» **WHAT YOU SHOULD DO**
Once you reach the line with "Little waterfall on", transcribe it and every line after it to the end of the records, exactly, but not the pictures.

Short text fragments from websites:
※ ※ ※

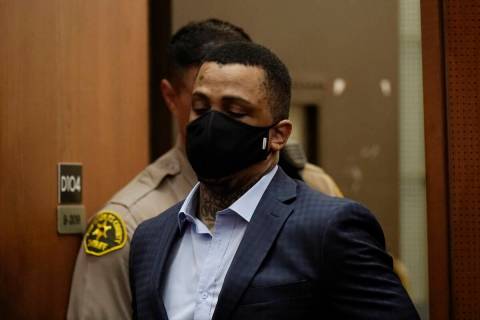 Eric Holder Jr., who is accused of killing rapper Nipsey Hussle, enters a courtroom to hear the ...
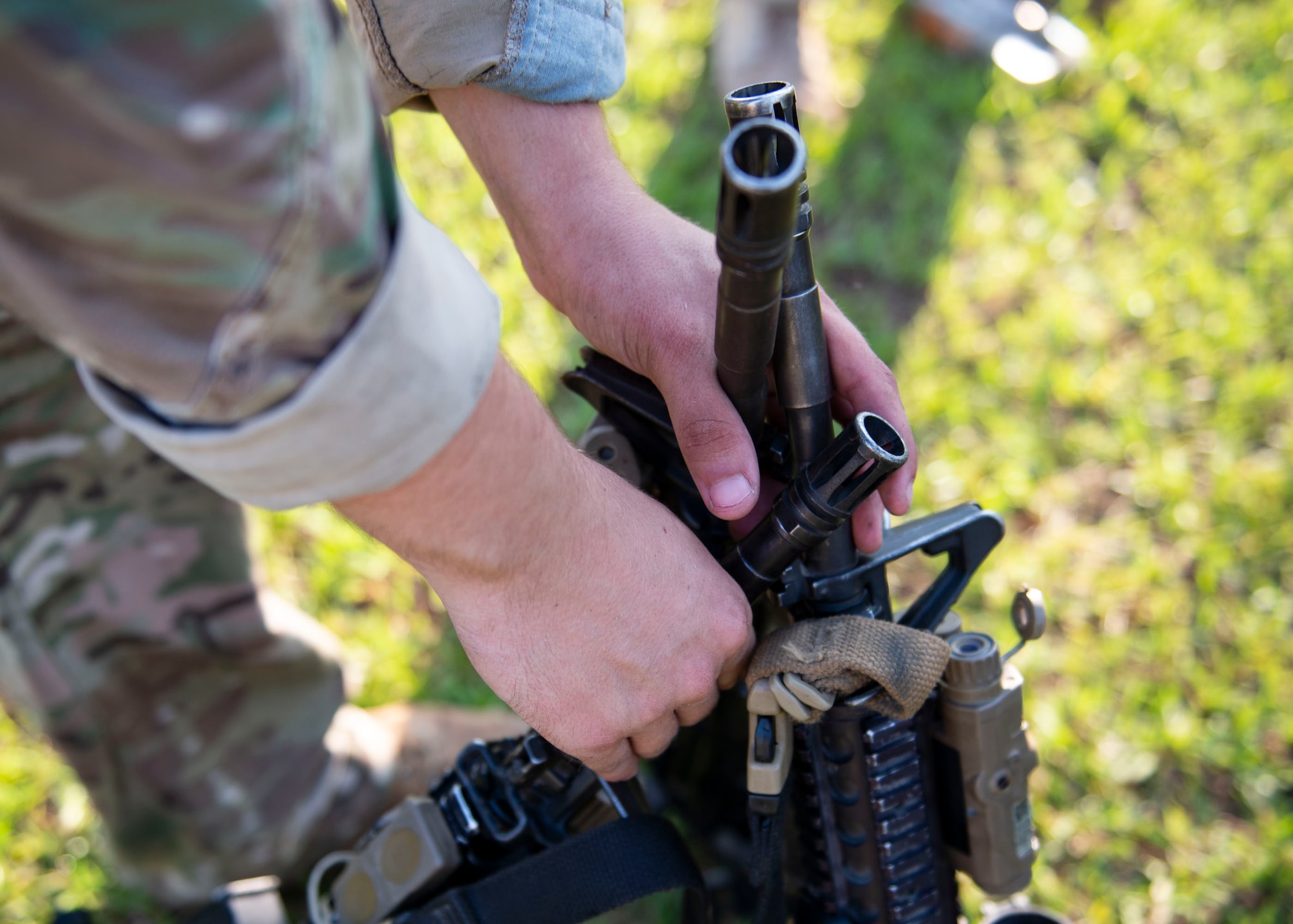 An Airman from the 824th Base Defense Squadron stacks weapons during the Tactical Leaders Course, Aug. 10, 2019, at Moody Air Force Base, Ga. The 7-day course revolved around squad leaders developing their skills to effectively communicate, team build and mission plan. These skills were assessed during a 36-hour simulated operation where squad leaders lead Airmen through tactical situations.  (U.S. Air Force photo by Airman Azaria E. Foster)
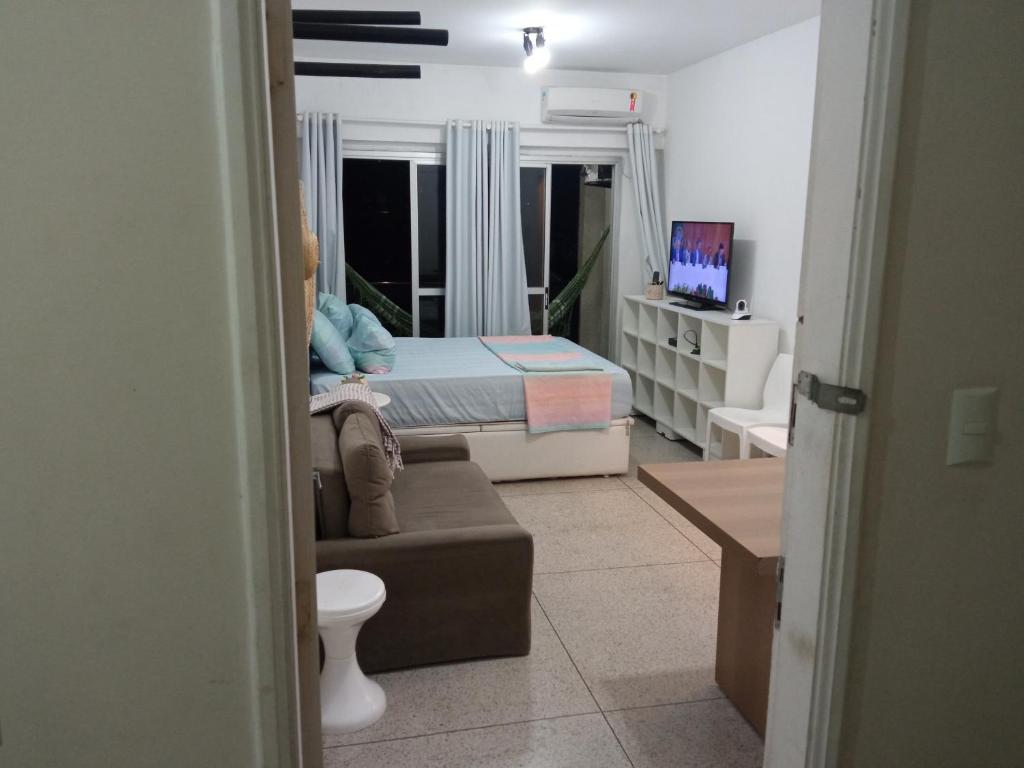 ein Schlafzimmer mit einem Bett und einem Sofa in einem Zimmer in der Unterkunft Apto frente ao mar, ar cond. frio e Wi-Fi in São Vicente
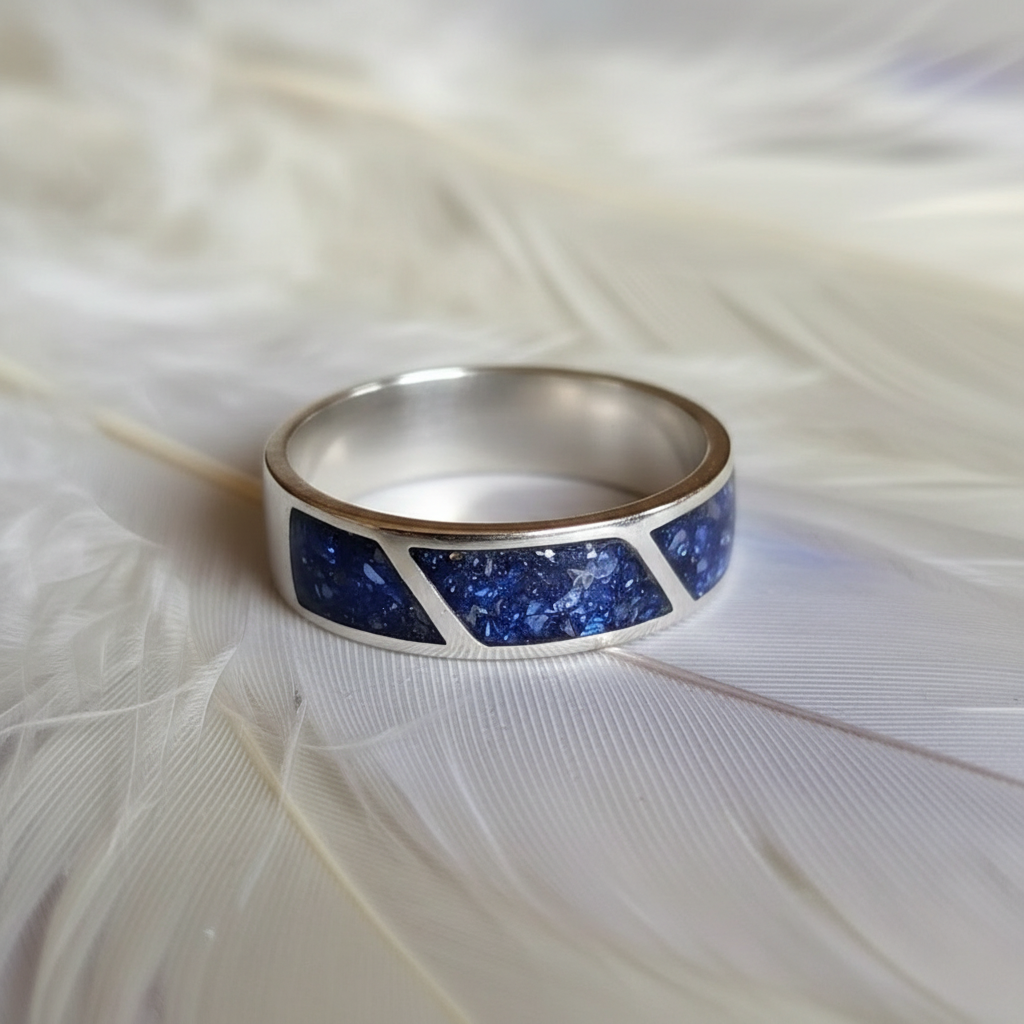 mens ashes cremation ring with 3 diagonal channels on a feather background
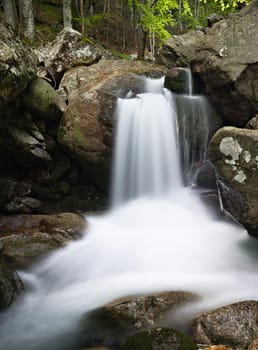 Little waterfall on a spring mountain stream, smooth water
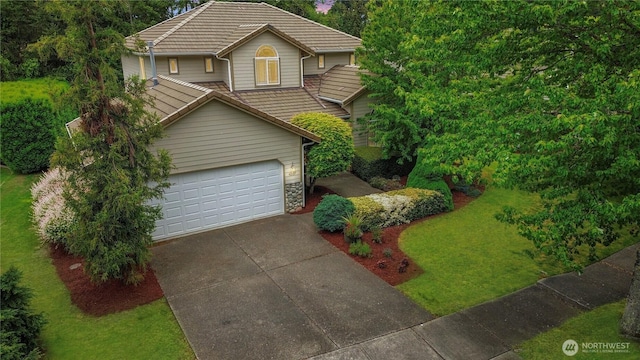 4207 Campus Green Loop NE, Lacey, WA 98516 - view of front of house featuring a tile roof and a front lawn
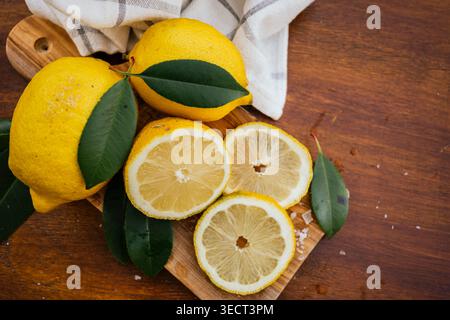 Frische Zitronen und in Scheiben geschnittene Zitronenrunden mit grünen Blättern auf einem rustikalen Holzschneidebrett neben einem Küchentuch, das natürliche Zitrus-fru zeigt Stockfoto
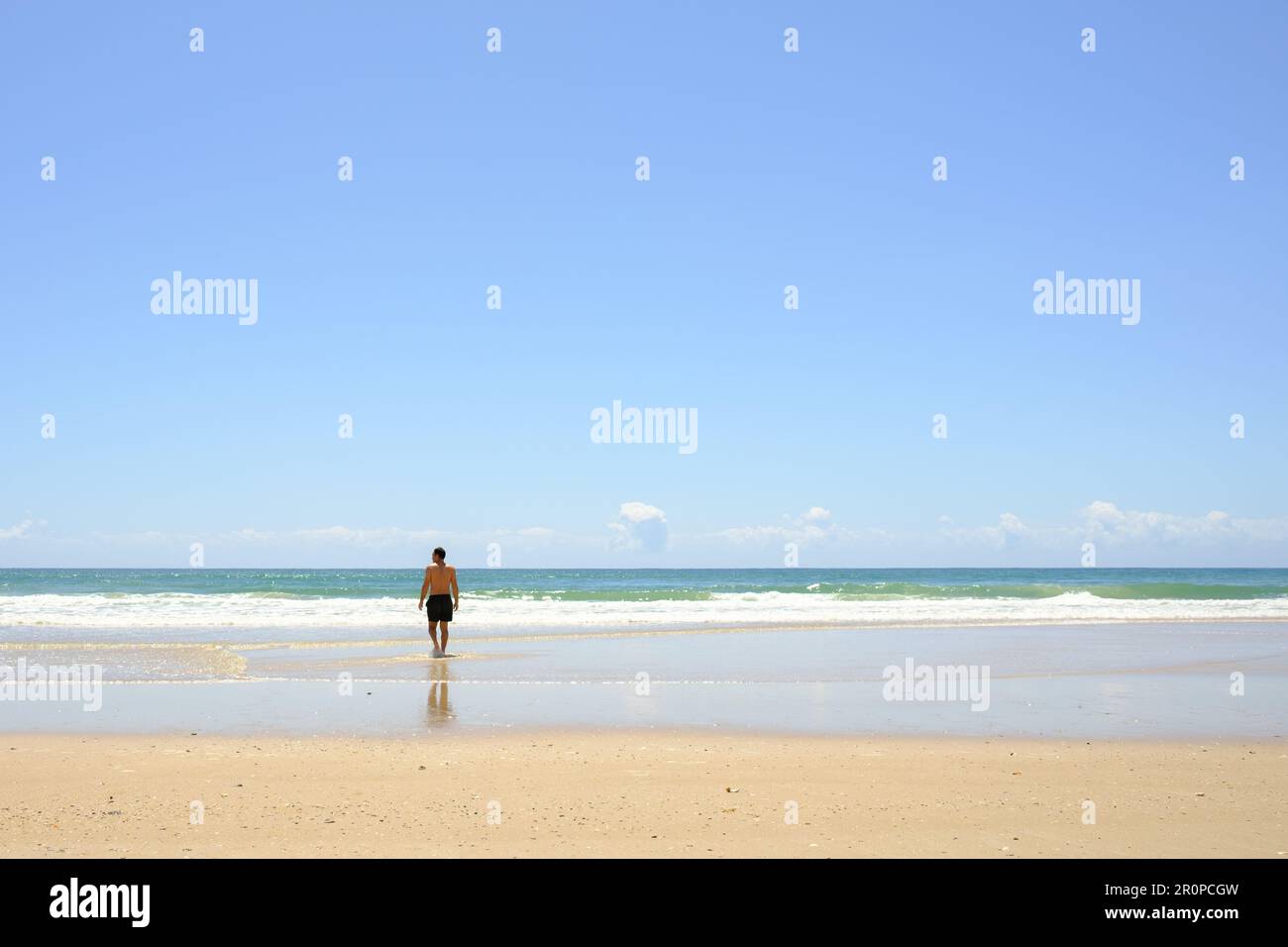 Ein Mann, der über einen Sandstrand spaziert und einen malerischen Ozean überblickt, Noosa North Shore Beach Stockfoto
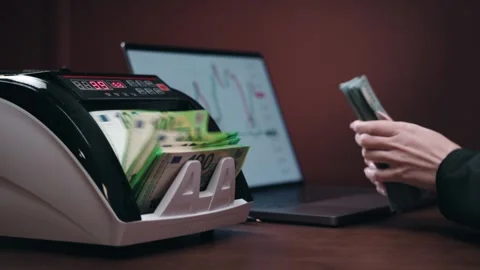 Cash counting machine processes banknotes while a person types on a laptop, Stock Footage 331080380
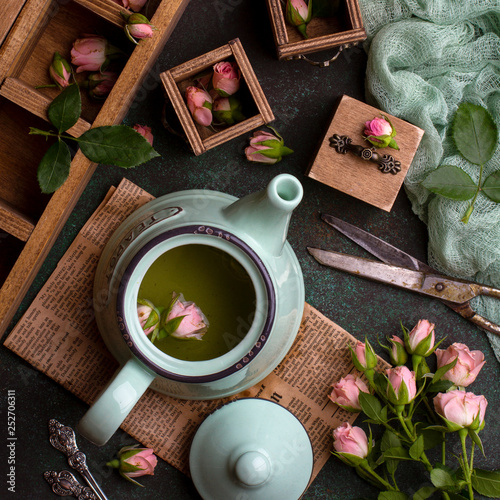 Overhead shot of composition with green teapot with tea, little wooden chest of drawers, pink roses, green gauze and old scissors on dark green concrete background photo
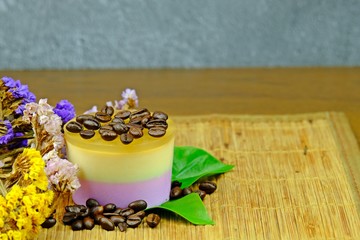 Coffee custard jelly with coffee bean placed on top decorated with green leaves, coffee bean and colorful Statice or Caspia flower on bamboo mat. on bamboo mat.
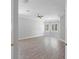 A spacious bedroom featuring light gray walls, crown molding, and great natural lighting at 7314 Hunt Club Ln, Seminole, FL 33776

※ ※ ※

» **ANSWER SECTION**
 Little waterfall on a spring mountain stream, smooth water
 4207 Campus Green Loop NE, Lacey, WA 98516 - view of front of house featuring a tile roof and a front lawn
 Frische Zitronen und in Scheiben geschnittene Zitronenrunden mit grünen Blättern auf einem rustikalen Holzschneidebrett neben einem Küchentuch, das natürliche Zitrus-fru zeigt Stockfoto
 Ein Mann, der über einen Sandstrand spaziert und einen malerischen Ozean überblickt, Noosa North Shore Beach Stockfoto
 Cash counting machine processes banknotes while a person types on a laptop, Stock Footage 331080380
 Overhead shot of composition with green teapot with tea, little wooden chest of drawers, pink roses, green gauze and old scissors on dark green concrete background photo
 Coffee custard jelly with coffee bean placed on top decorated with green leaves, coffee bean and colorful Statice or Caspia flower on bamboo mat. on bamboo mat.
 A spacious bedroom featuring light gray walls, crown molding, and great natural lighting at 7314 Hunt Club Ln, Seminole, FL 33776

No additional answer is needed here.